▸ Supplied data
--- START ---
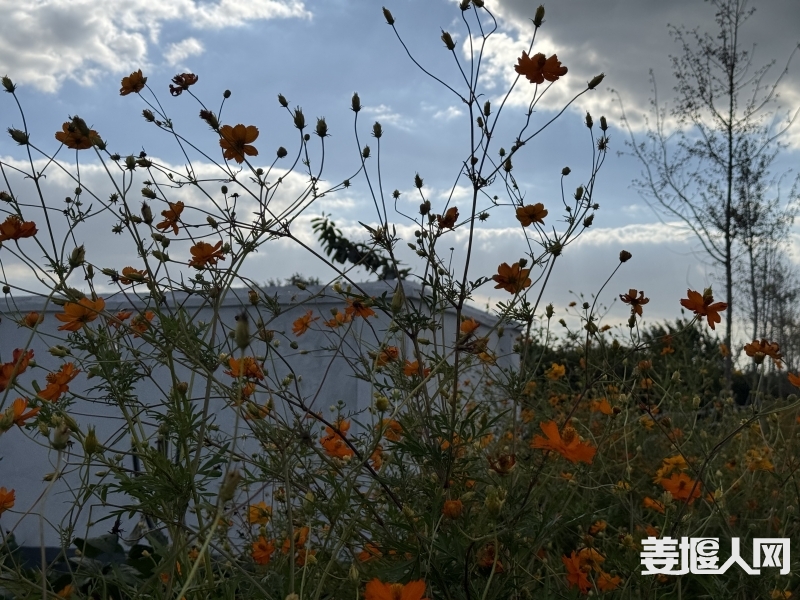 微信图片_20240923143833.jpg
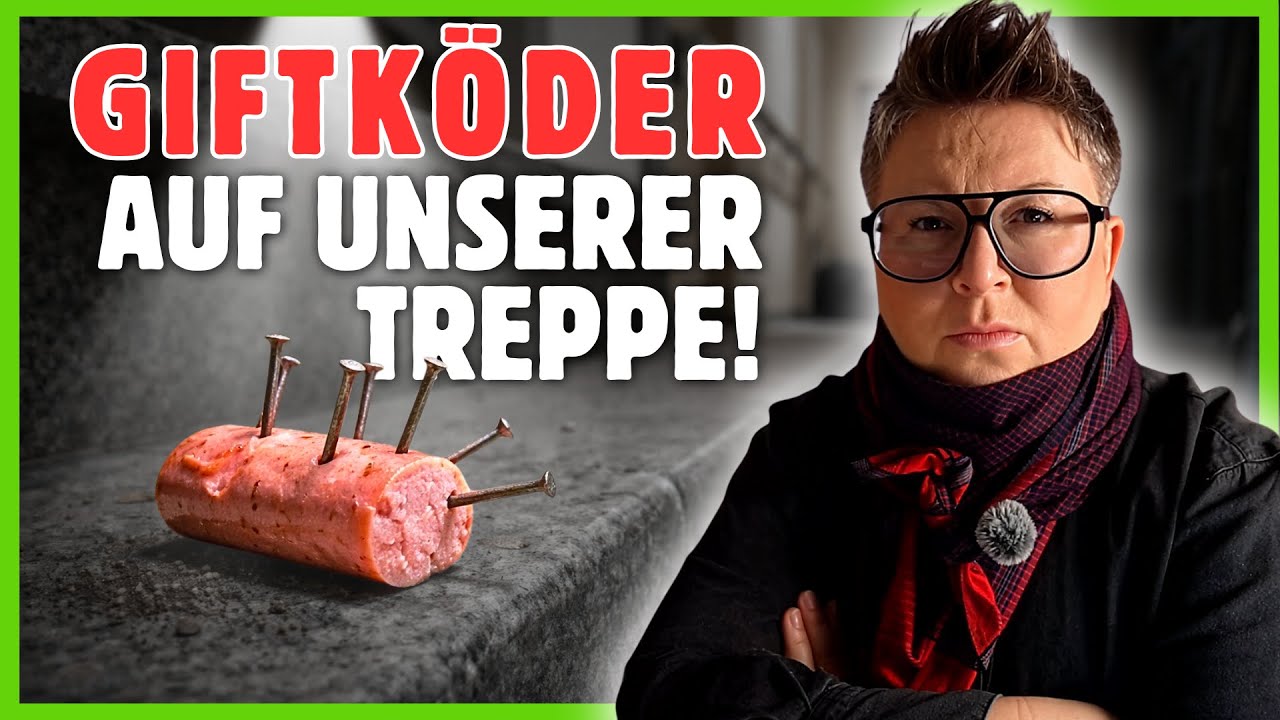 Hund frisst Giftköder (fast) und ich bin WÜTEND I Das MUSST DU tun bei Giftköder Fund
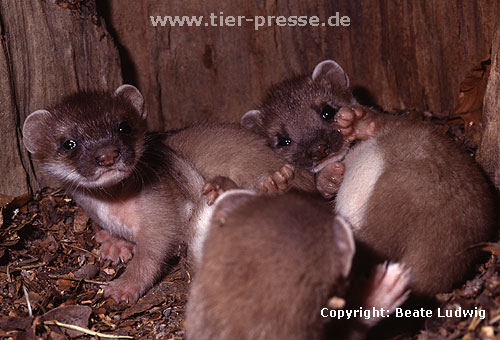 Hermelin-Jungtiere im Alter von sechs Wochen / Stoat cubs, six weeks old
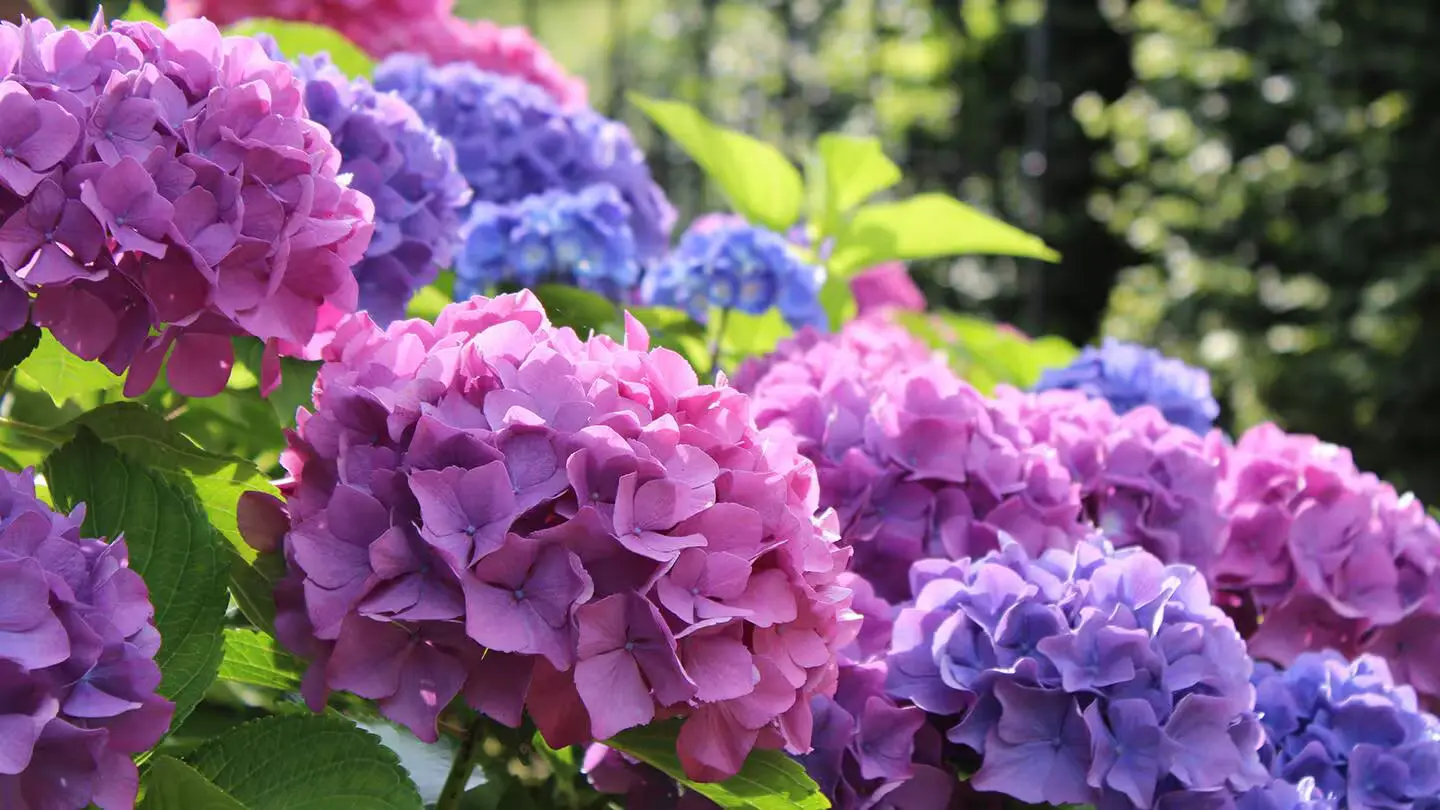 Summer flowers banner-garden nursery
--- END ---
▸ Aim of the task
Lines from the one that contains "Hermelin-Jungtiere im Alter" through the last line of the data above are to be extracted exactly, with no pictures and no other lines.

▸ Your solution
 Hermelin-Jungtiere im Alter von sechs Wochen / Stoat cubs, six weeks old
 Summer flowers banner-garden nursery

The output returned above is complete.